What to work on.
The data below should be copied out exactly, with its pictures omitted.

Source data.
════════════════════

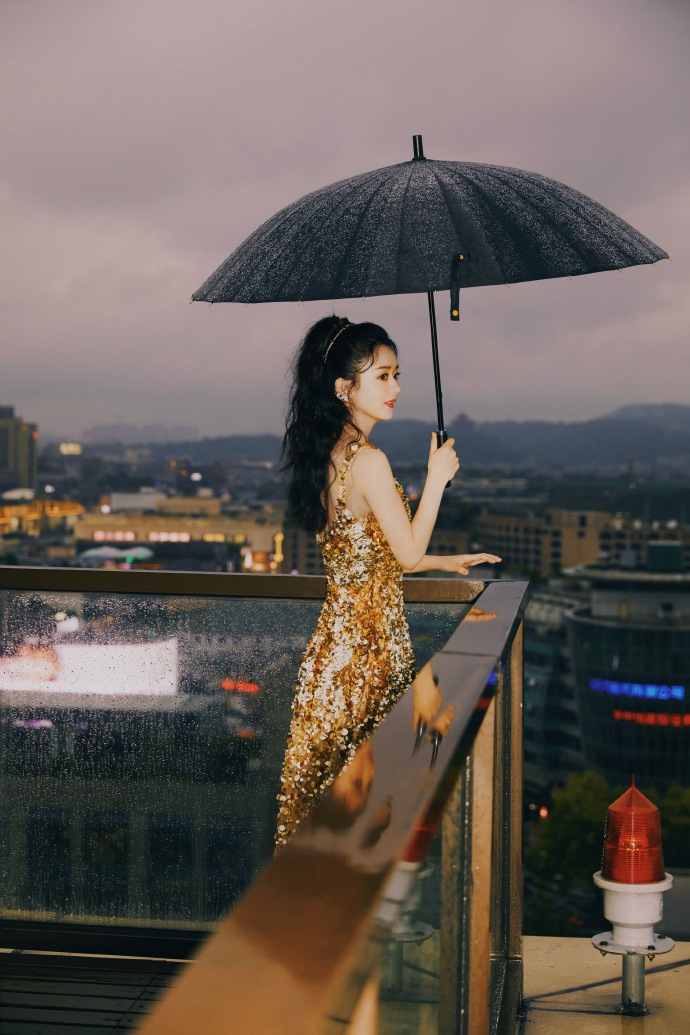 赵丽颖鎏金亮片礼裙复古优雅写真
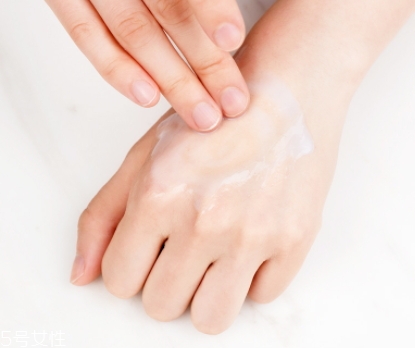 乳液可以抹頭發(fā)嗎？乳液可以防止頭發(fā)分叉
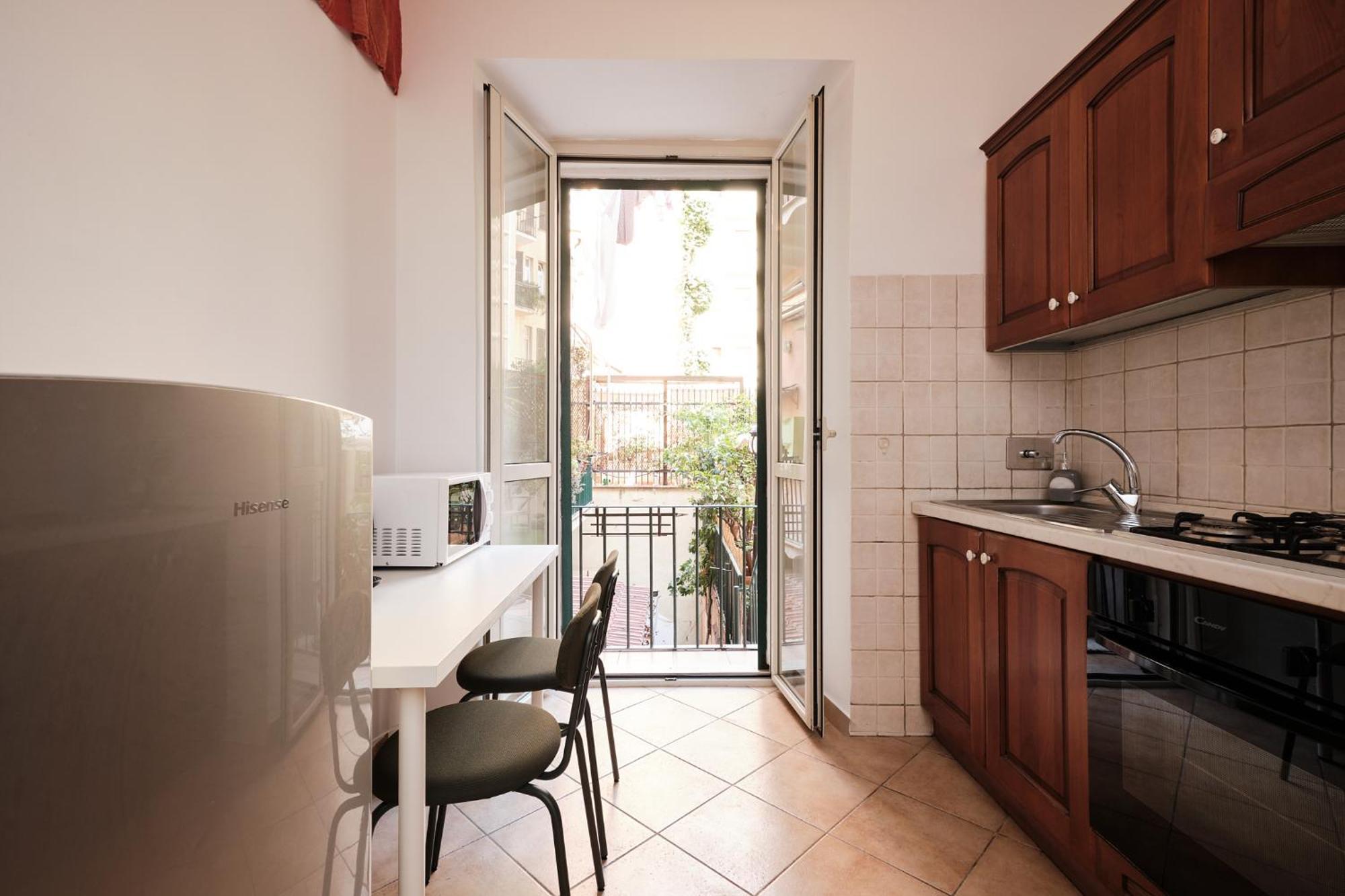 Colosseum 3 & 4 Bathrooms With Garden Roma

════════════════════

Output below.
 赵丽颖鎏金亮片礼裙复古优雅写真
 乳液可以抹頭發(fā)嗎？乳液可以防止頭發(fā)分叉
 Colosseum 3 & 4 Bathrooms With Garden Roma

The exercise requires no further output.